__Stored data__
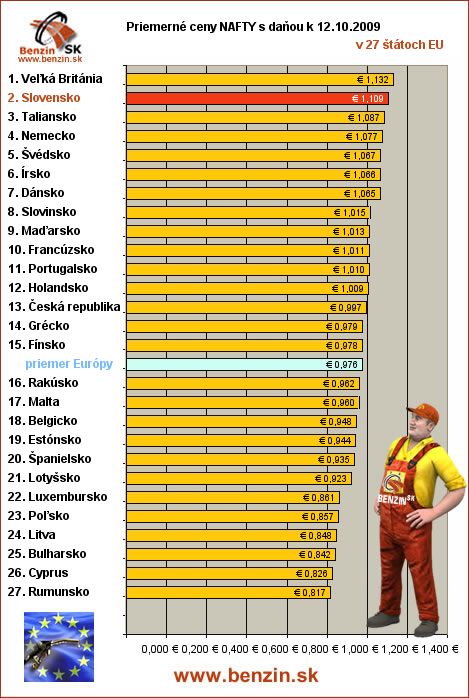 priemerne ceny nafty s danou v EU 12/10/2009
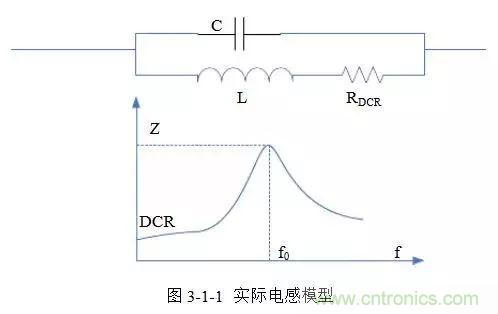 開關電源該如何配置合適的電感？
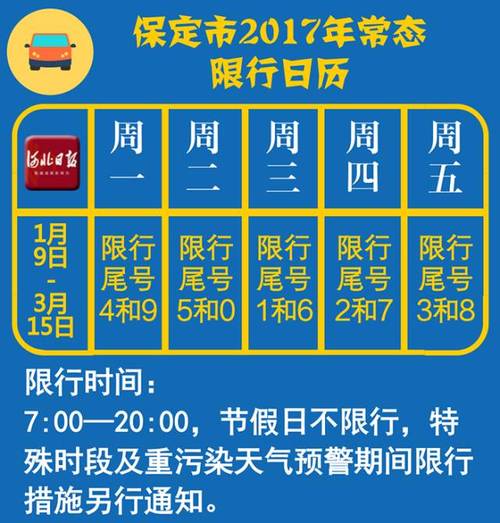 石家庄节假日限号吗/石家庄节假日限号吗?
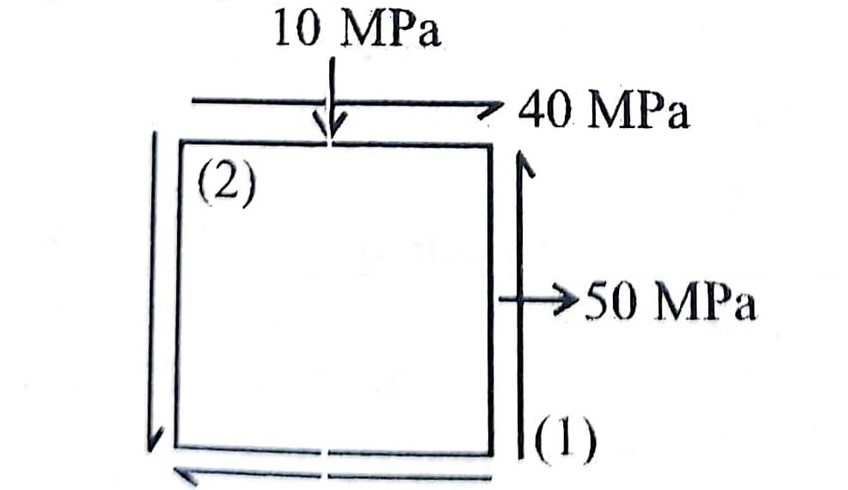 Civil Engineering homework question answer, step 1, image 1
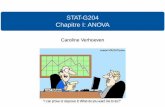 STAT-G204 Chapitre I: ANOVA - Vrije Universiteit cverhoev/STAT-G204/slides_ANOVA...¢  2014-09-17¢  1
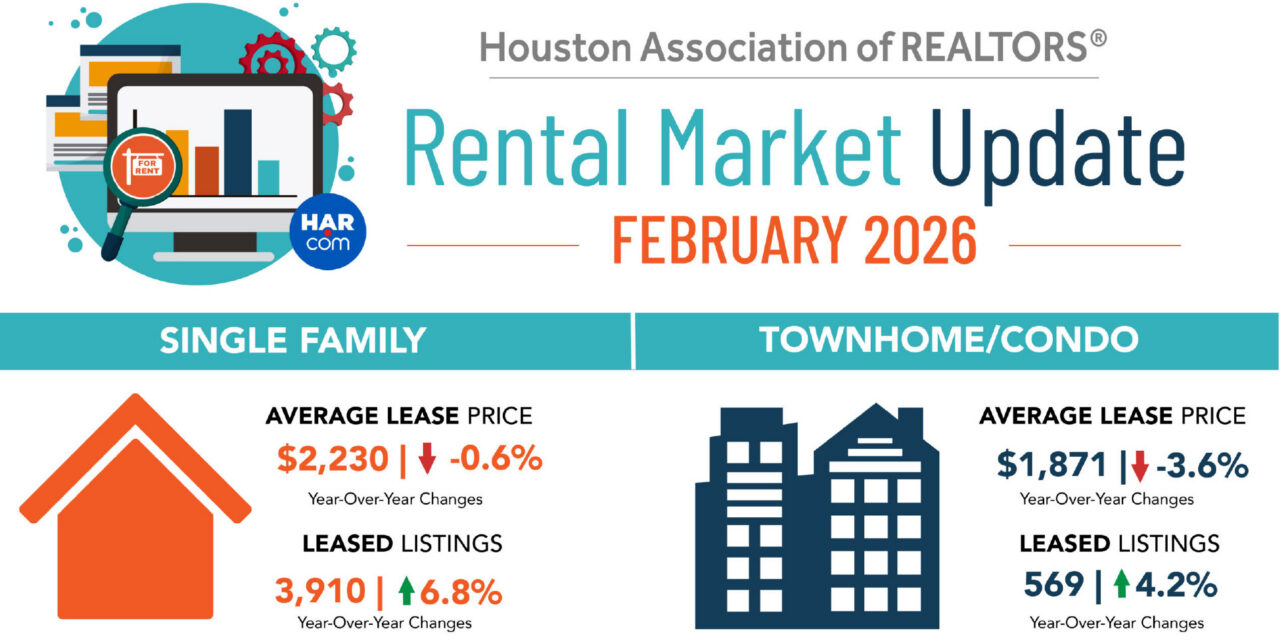 Renters Find More To Love In Houston In February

__Work instructions__
The data above should be returned in full, exactly as written, apart from its images.

__Task solution__
 priemerne ceny nafty s danou v EU 12/10/2009
 開關電源該如何配置合適的電感？
 石家庄节假日限号吗/石家庄节假日限号吗?
 Civil Engineering homework question answer, step 1, image 1
 STAT-G204 Chapitre I: ANOVA - Vrije Universiteit cverhoev/STAT-G204/slides_ANOVA...¢  2014-09-17¢  1
 Renters Find More To Love In Houston In February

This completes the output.